Start of MATERIAL FOR THE TASK
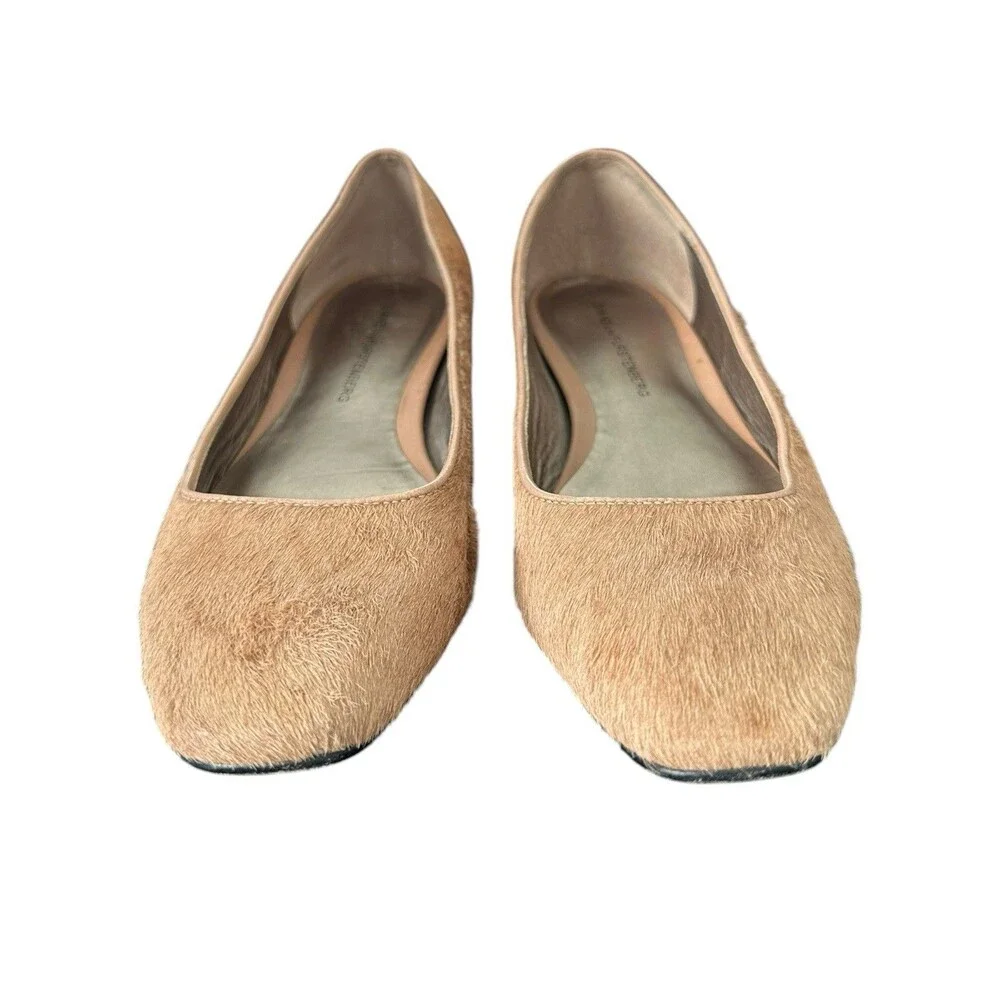 Diane von Furstenberg DVF Camel Calf Hair Ballet Flats Tan Sz 7.5 M Brazil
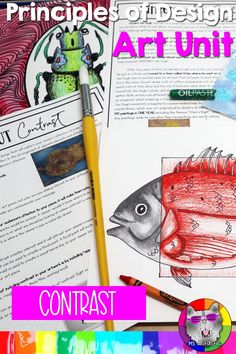 an art unit with colored pencils and watercolor paper on it, including pictures of fish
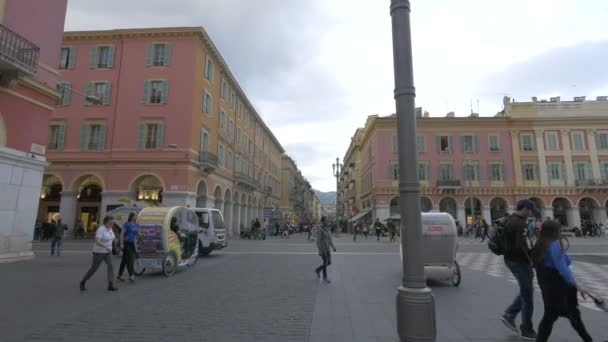 Stadtleben Place Massna Nizza — Stockvideo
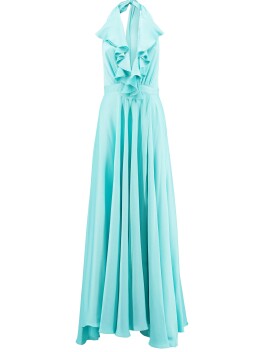 Long halter neck dress with ruffles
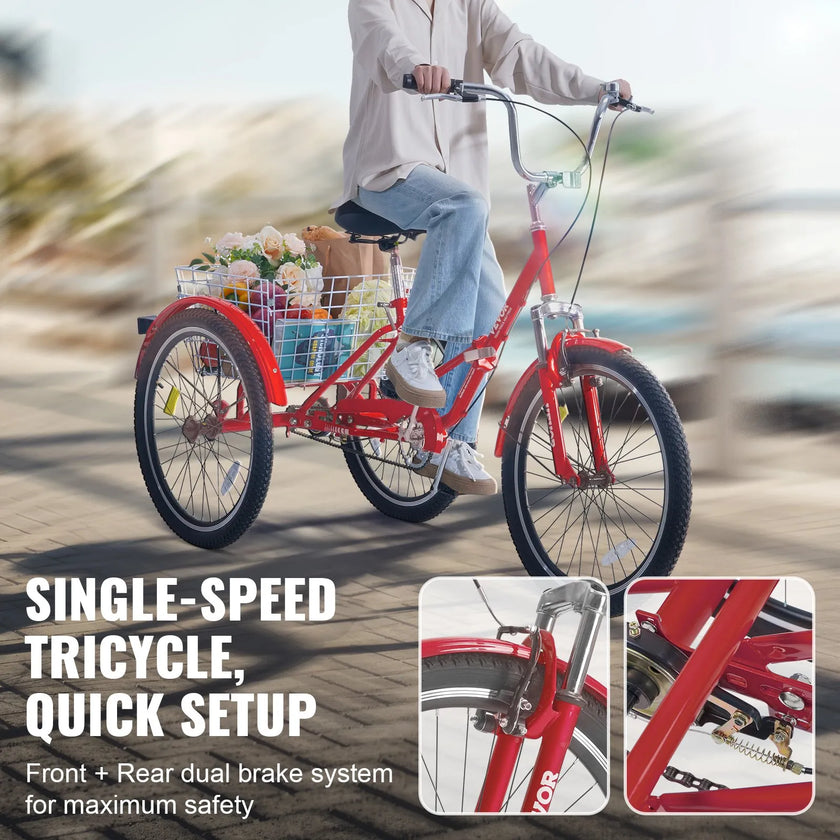 VEVOR Folding Adult Tricycle, 24-Inch Adult Folding Trikes, Carbon Steel 3 Wheel Cruiser Bike with Large Basket & Adjustable Seat, Shopping Picnic Foldable Tricycles for Women, Men, Seniors (Red)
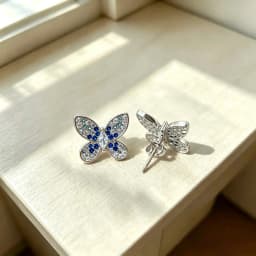 Butterfly Pendant 925 Silver Colorful 5A Zircon Crystal Wing Women's Necklace Double Layer Chain Dainty Valentine's Jewelry Gift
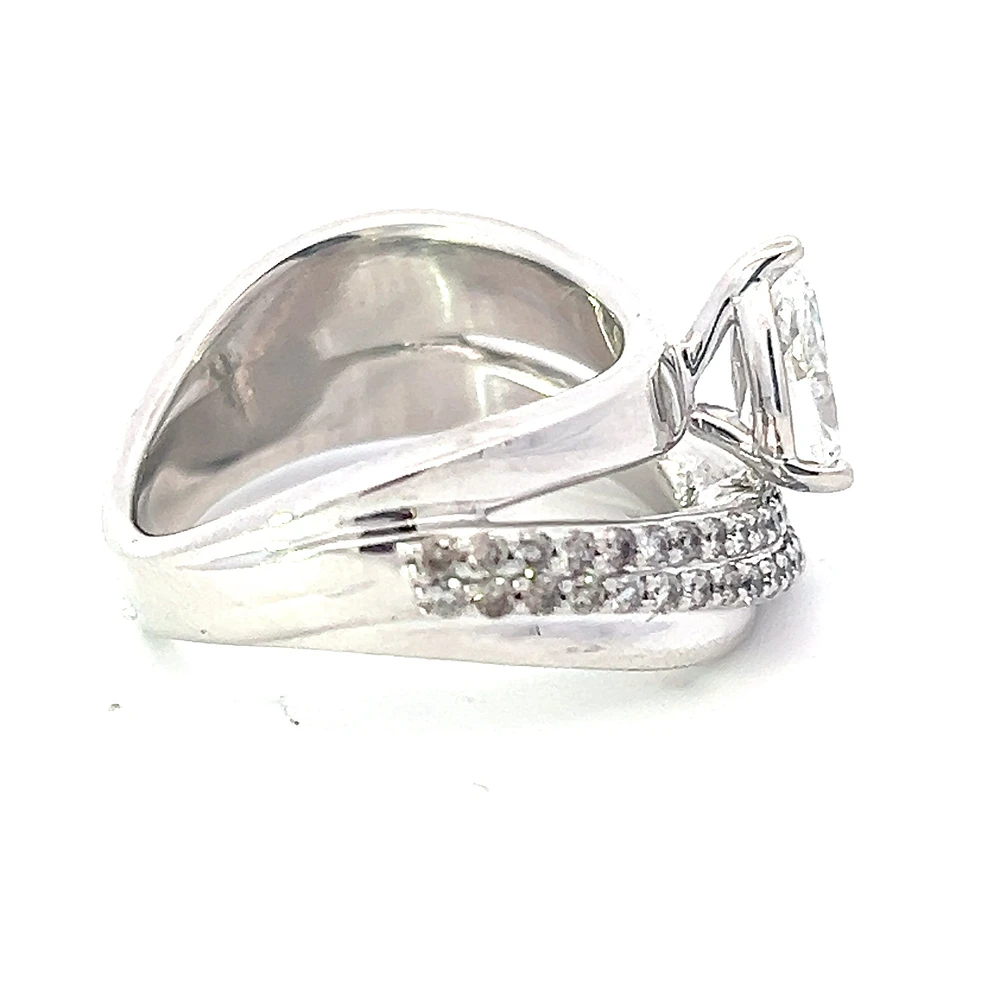 14K White Gold 1.28cttw Lab Grown Pear Cut Diamond Ring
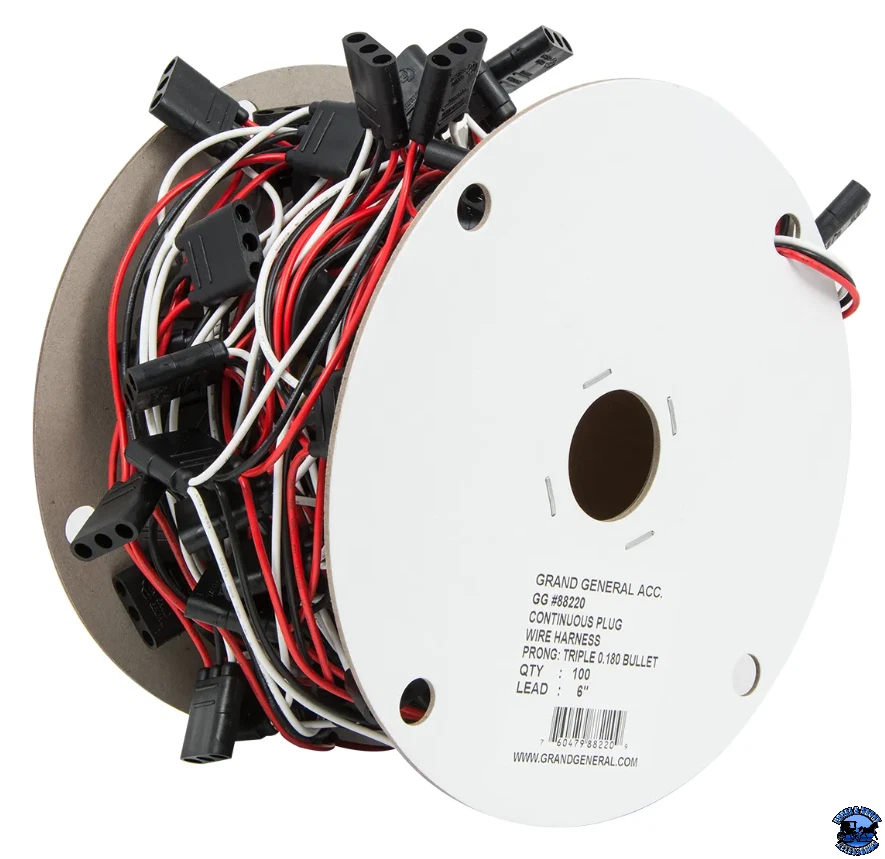 GRAND GENERAL CONTINUOUS TRIPLE FEMALE PLUG WIRE HARNESS ROLL (Choose Spacing) - Image 1 of 3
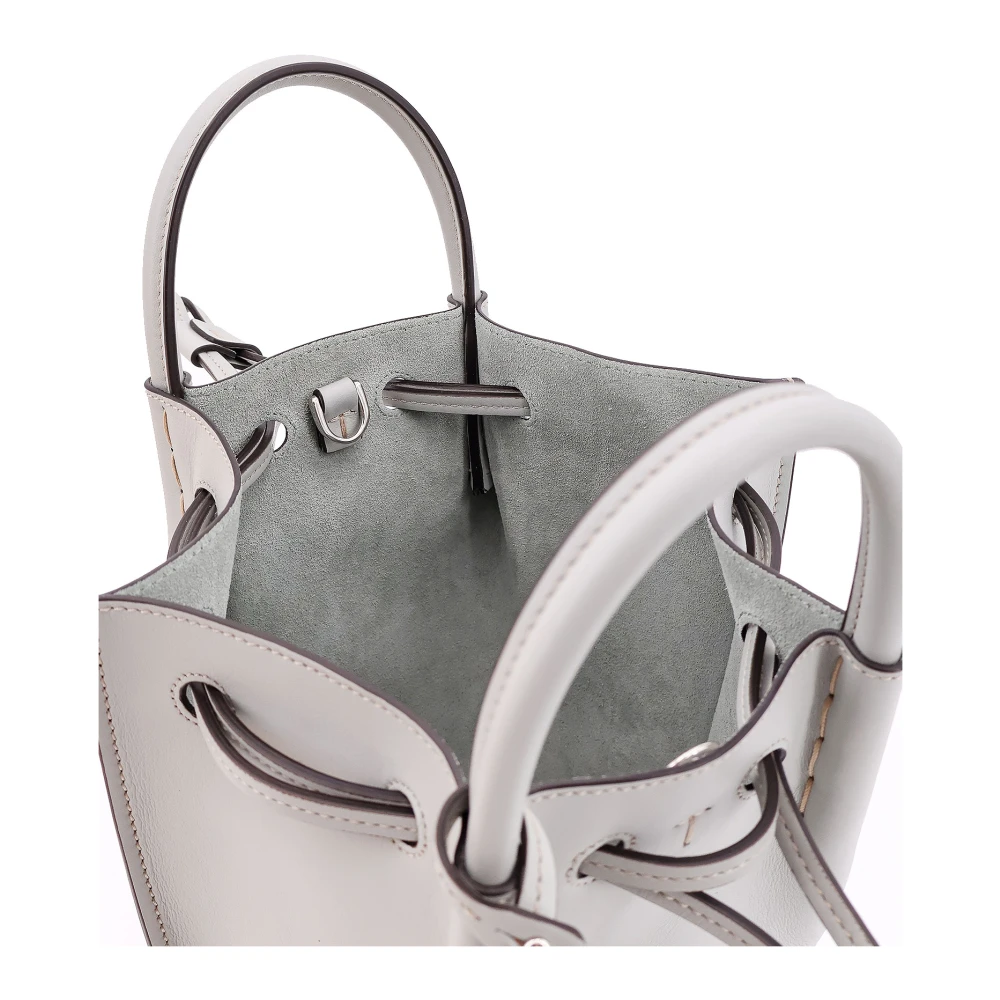TOD'S Leren Bucket Bag met Trekkoord Gray Dames
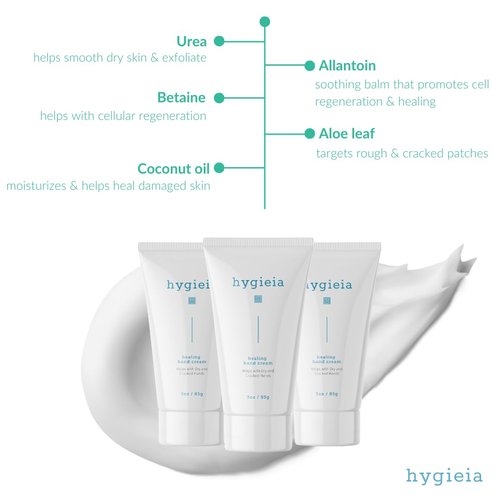 Hygieia + Crepey Hand Repair Cream – Day & Night Care for Dry, Thin, Cracked Hands – Shea Butter & Aloe – Deeply Nourishing, Non-Greasy, Fast Absorbing Anti-Aging Cream, 3oz (3 Pack)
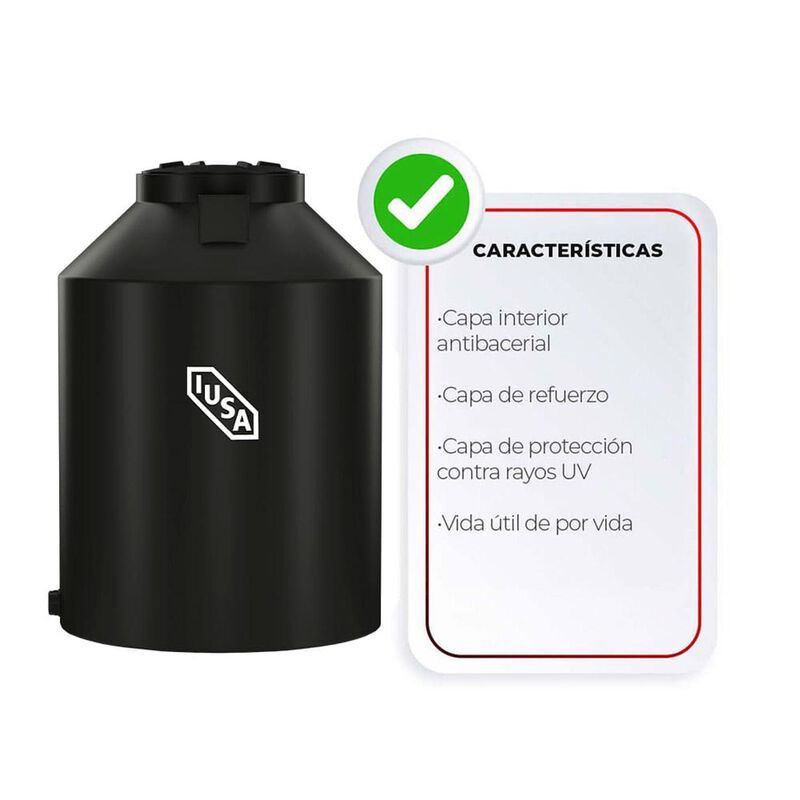 Tinaco Tricapa Iusa, 1100 L, Negro + Accesorios... image number null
End of MATERIAL FOR THE TASK
■ TASK ITEM
Repeat, exactly and in full, every entry in the data, but not the pictures.

■ YOUR RESPONSE
 Diane von Furstenberg DVF Camel Calf Hair Ballet Flats Tan Sz 7.5 M Brazil
 an art unit with colored pencils and watercolor paper on it, including pictures of fish
 Stadtleben Place Massna Nizza — Stockvideo
 Long halter neck dress with ruffles
 VEVOR Folding Adult Tricycle, 24-Inch Adult Folding Trikes, Carbon Steel 3 Wheel Cruiser Bike with Large Basket & Adjustable Seat, Shopping Picnic Foldable Tricycles for Women, Men, Seniors (Red)
 Butterfly Pendant 925 Silver Colorful 5A Zircon Crystal Wing Women's Necklace Double Layer Chain Dainty Valentine's Jewelry Gift
 14K White Gold 1.28cttw Lab Grown Pear Cut Diamond Ring
 GRAND GENERAL CONTINUOUS TRIPLE FEMALE PLUG WIRE HARNESS ROLL (Choose Spacing) - Image 1 of 3
TOD'S Leren Bucket Bag met Trekkoord Gray Dames
 Hygieia + Crepey Hand Repair Cream – Day & Night Care for Dry, Thin, Cracked Hands – Shea Butter & Aloe – Deeply Nourishing, Non-Greasy, Fast Absorbing Anti-Aging Cream, 3oz (3 Pack)
 Tinaco Tricapa Iusa, 1100 L, Negro + Accesorios... image number null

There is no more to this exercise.